The consideration, then, is future. It is well the Future is a wealthy banker. Many and heavy drafts are made upon him-so many and so heavy, indeed, that the only matter of surprise is, that they are so often honored. Extraordinary privileges of the kind claimed, however, are accorded to no person, at any age; and every man during every portion of his life employs more rather than less than the privileges rightly belonging to him. The Future possesses no greater license than is requisite for itself. To borrow license from it is absurd.

Privileges should be granted to those who need them. The idea of favor received indicates inferiority. Give dainty viands to the effeminate; the strong man is better without them. The collegian should be, if he is not, this stout man who scorns to be the recipient of paltry favors. Indeed, he should need less rather than more privileges than others enjoy. The examples of antiquity should teach him true manliFrom these he should learn the stern excellences of the Roman, and the tender refinement of the Greek; and with both he should blend the more practical sense of the present.

ness.

To the Intellectual, the true student fills a beaker to the brim, and quaffs right heartily to this the fairest and the truest mistress. But if we are intellectual men, we are no less imperatively called upon to honor every dictate of conscience, every law of the land, than the most ignorant Caffre. Nor if both the intellectual and moral responsibilities which devolve upon us are honored, are we set free from our obligations as social beings. To perform a certain class of duties, does not make another class less obligatory. The complete man is not only intellectual, but he is also a moral and a social being.

The truth is, college students not only are not licensed persons, but they are those who least of all should desire to have extraordinary privileges accorded to them.

II.

THAT TALENTED Men need NOT STUDY.

The adoption of this idea as an axiom, is pernicious in the extreme. It has given rise to as much falsehood as any single notion that ever gained currency. Those whose cast of mind does not allow them to acquire quickly, being ambitious of reputation as men of talent, toil in secret when they dare not toil openly.

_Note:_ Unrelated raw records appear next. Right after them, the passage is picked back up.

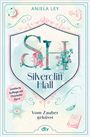 Aniela Ley: Silvercliff Hall - Vom Zauber geküsst, Buch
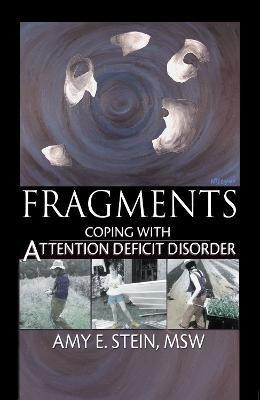 Fragments(English, Hardcover, Stein Amy E)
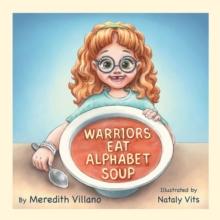 Warriors Eat Alphabet Soup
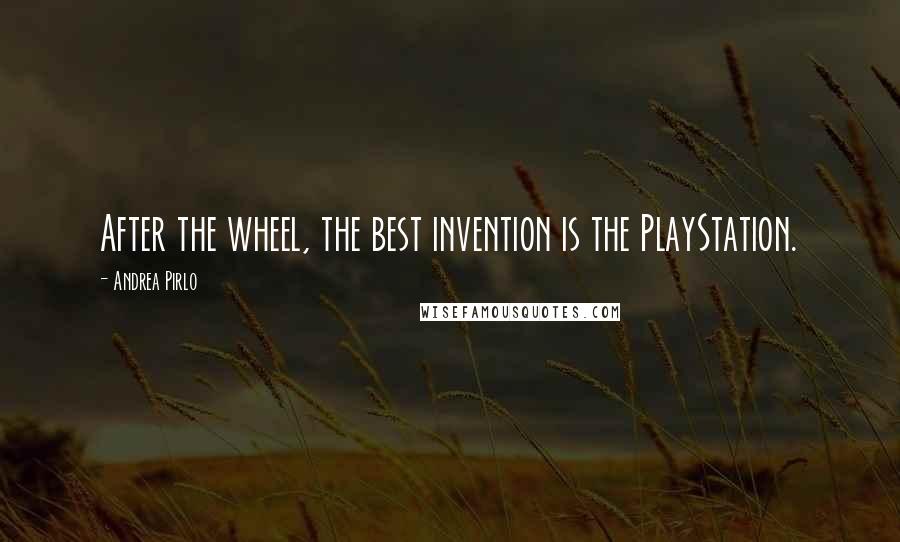 Andrea Pirlo Quotes: After the wheel, the best invention is the PlayStation.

College tradition gives a case in point :

“Once upon a time" a youth entered college, full of ambitious hopes and with the brightest prospects of success. He very much resembled the Alpine pedestrian of Longfellow :

"His brow was sad; his eye beneath
Flashed like a falchion from its sheath,
And like a silver clarion rung

The accents of that unknown tongue,
Excelsior!"

He soon adopted the maxim that study is unnecessary for a person of talent; and, of course, unnecessary for him. His days were spent among his fellows in listless idleness, or when found at his room he was almost invariably abed and asleep. He never was seen to study, unless perhaps to glance over his lesson just before he went in to recite; and yet his recitations were models-so accurate, so fluent, so beautiful. It was not long before he won a golden reputation as a man of talent. College for once was unanimous. A genius was verily among them. Imitators in great numbers arose, who all succeeded admirably in equaling his apparent neglect of study; but none could equal him in the recitation room.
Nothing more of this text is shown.